-- AIM OF THE TASK --
Repeat exactly the lines below that lie between the line with "Diseño de Logo" and the line with "JBL Clip 5 Purple - фото 71291", counting both of those lines as part of the answer.

= Beginning of Section =

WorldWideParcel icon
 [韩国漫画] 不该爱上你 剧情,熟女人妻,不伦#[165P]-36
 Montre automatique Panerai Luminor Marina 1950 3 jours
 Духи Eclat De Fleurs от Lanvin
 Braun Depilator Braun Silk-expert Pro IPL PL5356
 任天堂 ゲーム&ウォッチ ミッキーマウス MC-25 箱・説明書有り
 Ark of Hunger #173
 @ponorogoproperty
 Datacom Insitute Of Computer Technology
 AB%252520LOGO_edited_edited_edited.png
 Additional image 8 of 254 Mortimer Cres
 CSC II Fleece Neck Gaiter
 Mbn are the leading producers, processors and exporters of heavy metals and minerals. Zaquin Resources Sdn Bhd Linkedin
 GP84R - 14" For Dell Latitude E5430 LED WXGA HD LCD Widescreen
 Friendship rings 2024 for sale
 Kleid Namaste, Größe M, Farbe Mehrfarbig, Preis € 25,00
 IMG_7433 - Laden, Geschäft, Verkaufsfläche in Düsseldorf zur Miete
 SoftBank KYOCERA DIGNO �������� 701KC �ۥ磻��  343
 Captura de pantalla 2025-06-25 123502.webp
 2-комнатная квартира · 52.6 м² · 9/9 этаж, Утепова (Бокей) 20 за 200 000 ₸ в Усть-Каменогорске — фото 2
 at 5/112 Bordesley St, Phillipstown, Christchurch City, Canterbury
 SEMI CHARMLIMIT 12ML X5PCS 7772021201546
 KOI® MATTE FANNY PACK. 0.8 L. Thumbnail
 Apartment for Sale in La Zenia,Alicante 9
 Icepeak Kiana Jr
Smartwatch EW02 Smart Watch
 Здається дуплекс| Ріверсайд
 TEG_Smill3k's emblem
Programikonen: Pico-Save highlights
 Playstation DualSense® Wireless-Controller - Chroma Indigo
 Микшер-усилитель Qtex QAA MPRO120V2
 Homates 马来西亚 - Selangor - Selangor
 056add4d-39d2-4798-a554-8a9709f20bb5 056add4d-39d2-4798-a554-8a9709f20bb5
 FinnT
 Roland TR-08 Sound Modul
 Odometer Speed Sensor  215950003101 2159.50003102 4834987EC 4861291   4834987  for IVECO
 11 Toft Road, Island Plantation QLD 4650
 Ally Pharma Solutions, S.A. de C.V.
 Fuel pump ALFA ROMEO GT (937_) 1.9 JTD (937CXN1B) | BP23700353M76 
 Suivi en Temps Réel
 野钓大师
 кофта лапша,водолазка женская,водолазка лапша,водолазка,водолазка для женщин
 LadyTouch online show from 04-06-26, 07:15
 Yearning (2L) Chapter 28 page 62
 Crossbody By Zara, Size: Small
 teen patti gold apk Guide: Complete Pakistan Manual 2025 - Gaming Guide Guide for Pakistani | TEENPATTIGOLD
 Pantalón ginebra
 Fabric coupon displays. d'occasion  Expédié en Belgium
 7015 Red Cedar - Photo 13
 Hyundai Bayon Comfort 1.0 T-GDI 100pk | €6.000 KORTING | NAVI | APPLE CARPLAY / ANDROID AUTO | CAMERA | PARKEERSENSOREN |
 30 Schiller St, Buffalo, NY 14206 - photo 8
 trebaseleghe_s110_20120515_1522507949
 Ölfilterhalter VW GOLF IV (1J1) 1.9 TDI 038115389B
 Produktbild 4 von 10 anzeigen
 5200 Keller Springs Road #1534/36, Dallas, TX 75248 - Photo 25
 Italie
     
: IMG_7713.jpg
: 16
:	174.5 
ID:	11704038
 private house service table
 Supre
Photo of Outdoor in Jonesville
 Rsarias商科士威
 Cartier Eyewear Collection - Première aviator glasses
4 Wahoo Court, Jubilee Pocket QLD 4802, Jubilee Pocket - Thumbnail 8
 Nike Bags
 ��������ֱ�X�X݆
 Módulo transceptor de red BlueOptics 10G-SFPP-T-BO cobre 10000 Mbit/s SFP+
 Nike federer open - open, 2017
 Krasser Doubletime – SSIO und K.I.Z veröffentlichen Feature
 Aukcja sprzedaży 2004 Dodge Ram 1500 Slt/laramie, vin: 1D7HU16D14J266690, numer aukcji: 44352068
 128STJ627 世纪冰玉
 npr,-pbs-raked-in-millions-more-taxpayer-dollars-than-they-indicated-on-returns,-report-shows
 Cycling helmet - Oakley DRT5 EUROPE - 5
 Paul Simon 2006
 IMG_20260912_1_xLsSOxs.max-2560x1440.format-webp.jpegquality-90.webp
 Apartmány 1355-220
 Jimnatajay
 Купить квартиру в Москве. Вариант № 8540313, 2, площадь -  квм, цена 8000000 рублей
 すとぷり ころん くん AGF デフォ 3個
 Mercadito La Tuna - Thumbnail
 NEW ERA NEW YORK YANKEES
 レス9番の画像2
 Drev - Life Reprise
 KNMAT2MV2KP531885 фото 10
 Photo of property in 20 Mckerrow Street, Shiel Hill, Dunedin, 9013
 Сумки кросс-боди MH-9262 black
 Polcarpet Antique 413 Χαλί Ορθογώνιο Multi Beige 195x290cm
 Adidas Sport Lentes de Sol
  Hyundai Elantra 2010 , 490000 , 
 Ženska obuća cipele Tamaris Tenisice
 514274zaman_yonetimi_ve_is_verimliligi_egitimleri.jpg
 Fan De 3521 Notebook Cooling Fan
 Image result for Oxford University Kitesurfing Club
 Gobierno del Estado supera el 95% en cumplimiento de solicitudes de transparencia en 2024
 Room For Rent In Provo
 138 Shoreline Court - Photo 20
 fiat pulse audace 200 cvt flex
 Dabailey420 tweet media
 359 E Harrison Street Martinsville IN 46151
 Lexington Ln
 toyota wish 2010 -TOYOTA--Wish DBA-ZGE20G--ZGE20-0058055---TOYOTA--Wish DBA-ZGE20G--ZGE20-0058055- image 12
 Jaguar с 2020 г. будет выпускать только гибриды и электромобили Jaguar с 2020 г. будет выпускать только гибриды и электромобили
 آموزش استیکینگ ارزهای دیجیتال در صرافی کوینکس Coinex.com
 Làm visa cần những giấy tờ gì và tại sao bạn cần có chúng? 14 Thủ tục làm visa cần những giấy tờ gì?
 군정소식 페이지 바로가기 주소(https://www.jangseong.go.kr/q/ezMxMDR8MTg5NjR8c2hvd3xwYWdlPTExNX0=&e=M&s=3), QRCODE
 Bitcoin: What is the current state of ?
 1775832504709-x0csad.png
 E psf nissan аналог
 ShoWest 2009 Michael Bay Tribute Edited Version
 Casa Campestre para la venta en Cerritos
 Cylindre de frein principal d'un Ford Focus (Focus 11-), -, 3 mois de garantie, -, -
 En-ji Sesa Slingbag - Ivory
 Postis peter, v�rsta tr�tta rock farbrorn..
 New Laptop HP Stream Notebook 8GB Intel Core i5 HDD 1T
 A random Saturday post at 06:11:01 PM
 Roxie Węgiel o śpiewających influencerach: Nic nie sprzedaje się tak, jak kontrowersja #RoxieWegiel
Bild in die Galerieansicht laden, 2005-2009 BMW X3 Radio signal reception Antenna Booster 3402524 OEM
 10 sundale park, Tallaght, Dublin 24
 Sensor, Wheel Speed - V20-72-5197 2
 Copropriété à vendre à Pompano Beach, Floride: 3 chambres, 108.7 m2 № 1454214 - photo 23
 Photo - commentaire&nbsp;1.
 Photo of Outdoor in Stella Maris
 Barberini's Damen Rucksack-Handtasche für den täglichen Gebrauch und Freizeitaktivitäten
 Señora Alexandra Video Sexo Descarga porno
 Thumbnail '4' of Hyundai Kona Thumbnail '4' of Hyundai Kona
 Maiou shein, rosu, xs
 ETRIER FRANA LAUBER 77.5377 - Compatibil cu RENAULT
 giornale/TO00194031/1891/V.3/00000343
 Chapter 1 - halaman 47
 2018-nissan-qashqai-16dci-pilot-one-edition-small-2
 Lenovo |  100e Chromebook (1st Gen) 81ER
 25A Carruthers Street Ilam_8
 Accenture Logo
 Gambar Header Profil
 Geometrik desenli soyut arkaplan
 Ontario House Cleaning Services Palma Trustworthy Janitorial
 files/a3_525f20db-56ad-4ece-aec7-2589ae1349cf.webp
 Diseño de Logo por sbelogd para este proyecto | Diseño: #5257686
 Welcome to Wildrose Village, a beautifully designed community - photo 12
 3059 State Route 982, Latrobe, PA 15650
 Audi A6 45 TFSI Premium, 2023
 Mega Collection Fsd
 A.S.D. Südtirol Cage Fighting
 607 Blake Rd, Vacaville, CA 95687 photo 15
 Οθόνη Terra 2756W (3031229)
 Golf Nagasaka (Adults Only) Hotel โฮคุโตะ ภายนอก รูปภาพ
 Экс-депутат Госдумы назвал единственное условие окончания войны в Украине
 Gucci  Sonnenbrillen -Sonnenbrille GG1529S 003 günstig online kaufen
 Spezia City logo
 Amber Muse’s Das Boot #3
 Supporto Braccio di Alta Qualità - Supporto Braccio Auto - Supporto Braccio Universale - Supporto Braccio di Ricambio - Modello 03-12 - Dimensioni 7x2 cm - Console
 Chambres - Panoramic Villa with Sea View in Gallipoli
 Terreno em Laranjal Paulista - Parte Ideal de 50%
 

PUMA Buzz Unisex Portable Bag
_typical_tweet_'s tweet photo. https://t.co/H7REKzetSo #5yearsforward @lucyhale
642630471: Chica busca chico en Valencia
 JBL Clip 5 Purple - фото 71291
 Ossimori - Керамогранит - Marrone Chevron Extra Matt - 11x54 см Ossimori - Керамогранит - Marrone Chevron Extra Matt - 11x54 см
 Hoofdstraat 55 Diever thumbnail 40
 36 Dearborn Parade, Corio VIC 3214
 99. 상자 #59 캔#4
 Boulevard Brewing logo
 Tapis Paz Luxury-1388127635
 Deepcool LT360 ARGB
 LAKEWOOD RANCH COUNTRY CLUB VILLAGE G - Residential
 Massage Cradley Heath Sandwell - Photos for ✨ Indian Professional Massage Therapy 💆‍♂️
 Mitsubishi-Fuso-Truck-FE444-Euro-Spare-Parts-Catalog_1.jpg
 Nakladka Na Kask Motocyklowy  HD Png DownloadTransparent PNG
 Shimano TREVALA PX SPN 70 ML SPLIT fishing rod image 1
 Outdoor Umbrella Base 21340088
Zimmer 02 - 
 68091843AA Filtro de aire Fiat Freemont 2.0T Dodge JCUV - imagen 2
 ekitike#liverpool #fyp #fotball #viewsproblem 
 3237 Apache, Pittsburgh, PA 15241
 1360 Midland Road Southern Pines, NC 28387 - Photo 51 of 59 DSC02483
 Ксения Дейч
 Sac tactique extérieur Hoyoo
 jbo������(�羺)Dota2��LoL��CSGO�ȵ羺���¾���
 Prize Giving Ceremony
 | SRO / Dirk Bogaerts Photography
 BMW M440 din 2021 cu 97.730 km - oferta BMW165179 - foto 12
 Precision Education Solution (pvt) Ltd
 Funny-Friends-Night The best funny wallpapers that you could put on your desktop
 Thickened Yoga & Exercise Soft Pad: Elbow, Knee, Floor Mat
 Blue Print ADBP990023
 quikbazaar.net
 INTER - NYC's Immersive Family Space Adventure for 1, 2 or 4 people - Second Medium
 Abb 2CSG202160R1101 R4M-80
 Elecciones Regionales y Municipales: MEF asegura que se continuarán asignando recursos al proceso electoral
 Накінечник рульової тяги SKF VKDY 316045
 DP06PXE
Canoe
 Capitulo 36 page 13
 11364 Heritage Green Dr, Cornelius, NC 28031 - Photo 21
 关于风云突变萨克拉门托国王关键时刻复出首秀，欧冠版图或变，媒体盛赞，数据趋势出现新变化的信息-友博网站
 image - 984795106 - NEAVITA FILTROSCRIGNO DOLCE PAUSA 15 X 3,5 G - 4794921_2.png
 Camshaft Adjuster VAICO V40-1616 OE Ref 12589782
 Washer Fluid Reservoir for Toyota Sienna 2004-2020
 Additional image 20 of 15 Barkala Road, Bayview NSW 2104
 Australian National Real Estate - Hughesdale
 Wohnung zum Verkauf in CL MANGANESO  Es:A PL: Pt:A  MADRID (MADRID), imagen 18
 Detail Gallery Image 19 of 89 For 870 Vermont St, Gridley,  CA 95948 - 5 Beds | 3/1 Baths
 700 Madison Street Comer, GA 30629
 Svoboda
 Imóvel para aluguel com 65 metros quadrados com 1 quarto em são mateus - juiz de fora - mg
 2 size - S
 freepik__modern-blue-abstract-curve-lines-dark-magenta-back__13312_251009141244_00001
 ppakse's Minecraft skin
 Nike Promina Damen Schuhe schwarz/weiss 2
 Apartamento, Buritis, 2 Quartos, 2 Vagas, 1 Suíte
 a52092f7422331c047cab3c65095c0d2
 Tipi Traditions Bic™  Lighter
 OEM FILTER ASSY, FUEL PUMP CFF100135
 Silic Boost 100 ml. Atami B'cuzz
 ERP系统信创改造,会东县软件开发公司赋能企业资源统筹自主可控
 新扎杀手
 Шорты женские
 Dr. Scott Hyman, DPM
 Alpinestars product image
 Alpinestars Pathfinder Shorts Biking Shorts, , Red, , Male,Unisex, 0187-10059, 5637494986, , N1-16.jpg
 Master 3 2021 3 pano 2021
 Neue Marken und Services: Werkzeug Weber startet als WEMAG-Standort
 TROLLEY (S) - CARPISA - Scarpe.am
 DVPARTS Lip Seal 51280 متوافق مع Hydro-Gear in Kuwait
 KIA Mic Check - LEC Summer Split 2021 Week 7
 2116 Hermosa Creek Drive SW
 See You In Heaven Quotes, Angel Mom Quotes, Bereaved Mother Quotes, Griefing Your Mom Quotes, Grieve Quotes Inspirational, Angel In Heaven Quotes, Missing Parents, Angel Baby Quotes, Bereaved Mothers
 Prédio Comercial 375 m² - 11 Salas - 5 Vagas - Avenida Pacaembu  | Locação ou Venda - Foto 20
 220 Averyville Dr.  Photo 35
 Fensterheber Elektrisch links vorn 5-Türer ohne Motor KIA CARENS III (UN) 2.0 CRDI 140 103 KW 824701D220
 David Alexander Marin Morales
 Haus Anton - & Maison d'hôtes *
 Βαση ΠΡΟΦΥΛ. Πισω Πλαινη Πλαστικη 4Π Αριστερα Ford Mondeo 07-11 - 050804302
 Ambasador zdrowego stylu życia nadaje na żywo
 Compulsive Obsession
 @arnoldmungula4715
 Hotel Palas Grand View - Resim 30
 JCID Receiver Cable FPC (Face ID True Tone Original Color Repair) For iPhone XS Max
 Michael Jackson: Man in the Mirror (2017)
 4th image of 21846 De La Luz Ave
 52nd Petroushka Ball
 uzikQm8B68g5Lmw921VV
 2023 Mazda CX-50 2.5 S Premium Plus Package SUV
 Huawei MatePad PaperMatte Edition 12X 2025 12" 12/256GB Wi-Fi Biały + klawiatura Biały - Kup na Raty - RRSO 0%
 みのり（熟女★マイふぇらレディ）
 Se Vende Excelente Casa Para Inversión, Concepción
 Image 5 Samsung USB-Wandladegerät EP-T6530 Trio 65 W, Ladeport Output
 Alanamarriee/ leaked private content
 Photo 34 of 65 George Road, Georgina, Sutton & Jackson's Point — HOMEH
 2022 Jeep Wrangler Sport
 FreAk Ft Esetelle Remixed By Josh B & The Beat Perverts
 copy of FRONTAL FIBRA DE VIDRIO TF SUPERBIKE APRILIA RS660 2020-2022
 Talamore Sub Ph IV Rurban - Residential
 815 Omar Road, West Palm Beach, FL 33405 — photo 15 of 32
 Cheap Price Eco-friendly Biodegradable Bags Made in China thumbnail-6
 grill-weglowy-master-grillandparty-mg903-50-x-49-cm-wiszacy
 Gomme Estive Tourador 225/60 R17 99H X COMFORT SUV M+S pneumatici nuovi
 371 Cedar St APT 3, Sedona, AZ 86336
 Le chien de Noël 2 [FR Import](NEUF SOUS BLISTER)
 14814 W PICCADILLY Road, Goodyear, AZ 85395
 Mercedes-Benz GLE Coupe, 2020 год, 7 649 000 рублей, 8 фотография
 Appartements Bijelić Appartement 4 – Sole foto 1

= End of Section =

-- ANSWER BOX --
 Diseño de Logo por sbelogd para este proyecto | Diseño: #5257686
 Welcome to Wildrose Village, a beautifully designed community - photo 12
 3059 State Route 982, Latrobe, PA 15650
 Audi A6 45 TFSI Premium, 2023
 Mega Collection Fsd
 A.S.D. Südtirol Cage Fighting
 607 Blake Rd, Vacaville, CA 95687 photo 15
 Οθόνη Terra 2756W (3031229)
 Golf Nagasaka (Adults Only) Hotel โฮคุโตะ ภายนอก รูปภาพ
 Экс-депутат Госдумы назвал единственное условие окончания войны в Украине
 Gucci  Sonnenbrillen -Sonnenbrille GG1529S 003 günstig online kaufen
 Spezia City logo
 Amber Muse’s Das Boot #3
 Supporto Braccio di Alta Qualità - Supporto Braccio Auto - Supporto Braccio Universale - Supporto Braccio di Ricambio - Modello 03-12 - Dimensioni 7x2 cm - Console
 Chambres - Panoramic Villa with Sea View in Gallipoli
 Terreno em Laranjal Paulista - Parte Ideal de 50%
 

PUMA Buzz Unisex Portable Bag
_typical_tweet_'s tweet photo. https://t.co/H7REKzetSo #5yearsforward @lucyhale
642630471: Chica busca chico en Valencia
 JBL Clip 5 Purple - фото 71291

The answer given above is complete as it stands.